Breaking into finance: Alvaro, a private equity analyst who did not want to be named because his firm maintains strict privacy controls, participated in SEO’s program three years ago. He was always keen on business growing up Colombia, and his interests honed in on finance when he moved to the U.S. to attend Indiana University.
While many of his peers went found jobs in the Midwest, working in New York was his dream.
SEO helped him get started on Wall Street, and he stayed in touch with people in the program and got involved in its alternative investments program. The fellows spend weekends learning financial modeling and other skills they will need.
The extra training added five to 10 hours to work weeks that were already 90 hours long, but he said being surrounded with other young professionals from underrepresented backgrounds made up for it.
“It was very, very encouraging,” he said. “What you notice is that a lot of the kids you’re around have had to work harder than their peers.”
A standout moment was hearing Henry Kravis, a KKR co-founder and SEO’s board chairman, speak to the fellows.
“He looks very intimidating and he speaks very hard,” Alvaro said, chuckling at the memory. “It helped me realize how little I knew and how much I had to learn before I played in the big leagues.”
Recruiting diverse talent: Yokasta Segura-Baez, who heads North American marketing and client relations for Pantheon Partners, said the lack of private equity diversity stuck out to her when she started in the industry nine years ago.
“I was always curious why there weren’t more people like me,” she said.
When she got to Pantheon, she pushed to expand the company’s diversity efforts, which led to a partnership with SEO in 2012 (it’s separate from the fellowship program).

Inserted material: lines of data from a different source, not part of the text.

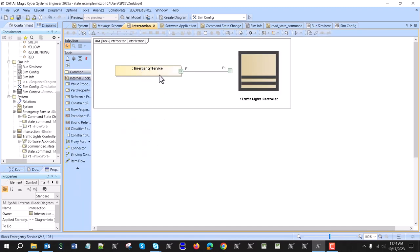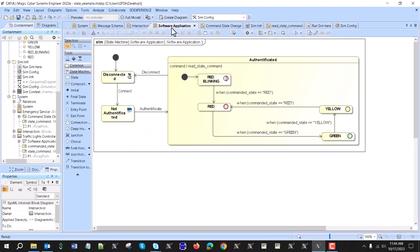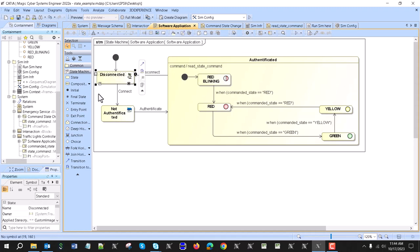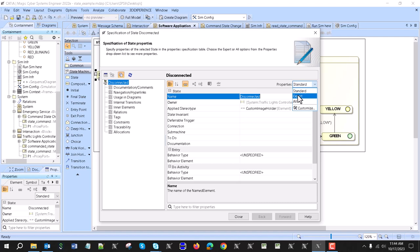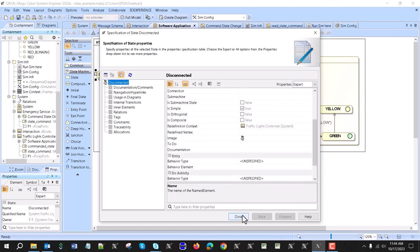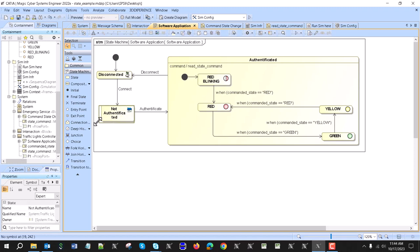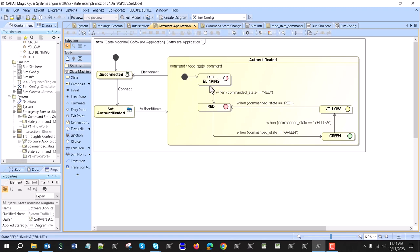Then we have connections: the emergency service connects to the traffic light controller. By default the traffic light controller is disconnected. In expert mode I can assign images to states and connect them, so it will go from not authenticated, then authentication, then by default red blinking, then red, then yellow, then green. It can't switch from red to yellow directly — the path is based on the state machine — and if disconnected it goes to the disconnected state.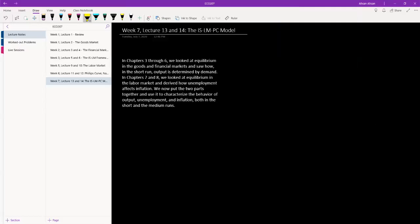We are putting everything together so far. As a brief review: we started this course with Chapters 3, 4, and 5, which were the short run analysis chapters, where we basically looked at the goods and the financial market and saw how in the short run output is determined by demand.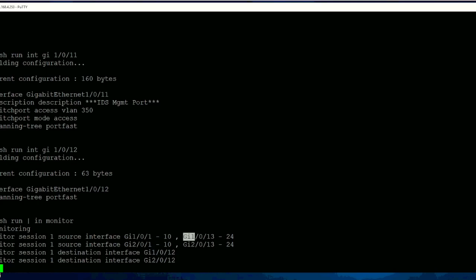Then Gig 1/0/13 till 24. I wanted to monitor basically all ports. Right now, although all are not connected, only two ports are connected, but it might be in the future if I connect something, so at least I should get what's exactly going on on these ports.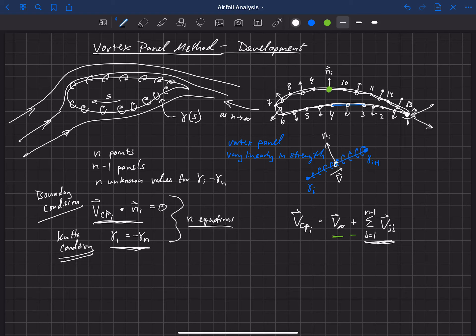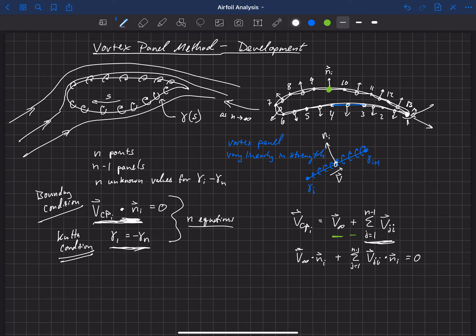The dot product of the total velocity with the normal at that panel has to be equal to zero. So we take the dot product of everything and set it equal to zero: V_infinity dotted with the normal at panel i, plus the summation from j equals 1 to n minus 1 of V_{ji} dotted with n_i, equals zero.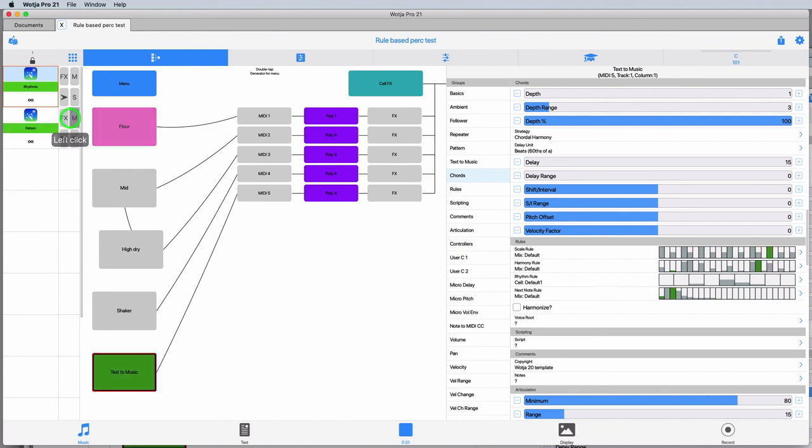So there we are. Just a very little taster of some of the things you can do with generative rhythms once you are free from having to worry about which note to hit. Have fun!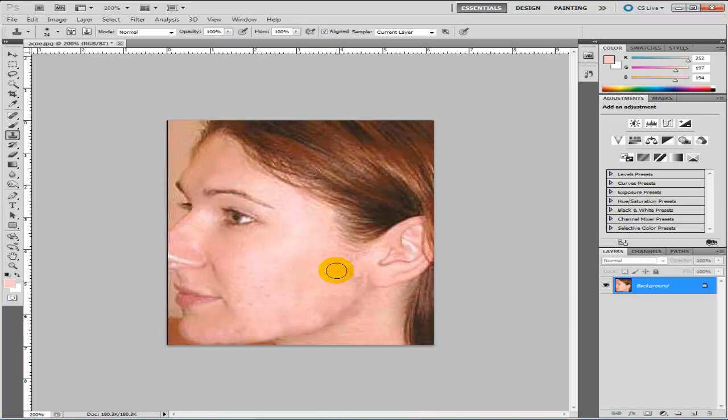You can see we've removed practically all the spots from her face there just using the clone stamp tool.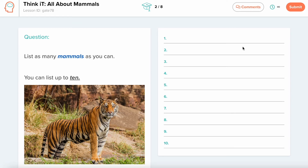From here, I'll go through and complete the assignment according to the directions and submit it for my teacher to grade.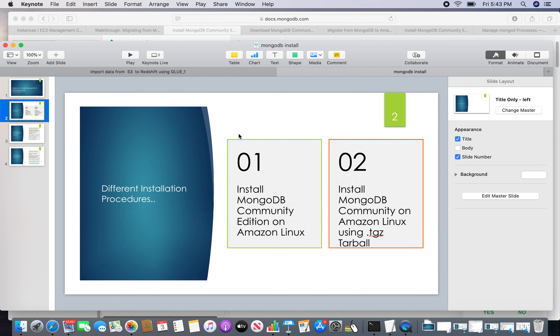Here are two installation procedures I am showing today. The first procedure, I will be installing the MongoDB Community Edition in Amazon Linux through YUM, and the second procedure will install the same MongoDB Community Edition using a tarball — that means downloading the actual software.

Pantheon just finished hosting its third undergraduate intern. She said the students coming to Pantheon for the summer would be the first in their families to go into finance and give the firm a window into different ways of looking at investing.
Increasing private equity awareness and interest among minority students is a simple step towards solving a pervasive problem, she said.
“It should be normal for a core private equity fund to have people from all over the world, all different backgrounds,” she said.
Fighting the stigmas: There isn’t often much patience on Wall Street for moral arguments about the importance of having diverse workforces, even though there is evidence that diversity can help returns.
Alvaro remembers hearing whispers and comments from colleagues that the help SEO gave him toward an investment banking gig was “special treatment,” though the chatter died down when he moved to private equity.
“There will always be people who think like that,” he said dismissively.
To him, the program isn’t about wanton handouts, but smoothing the path for those most willing and able to step into a void.
“It’s no secret that often minorities find themselves in disadvantaged situations,” he said. “The only way I see to overcome those disadvantages is hard work.”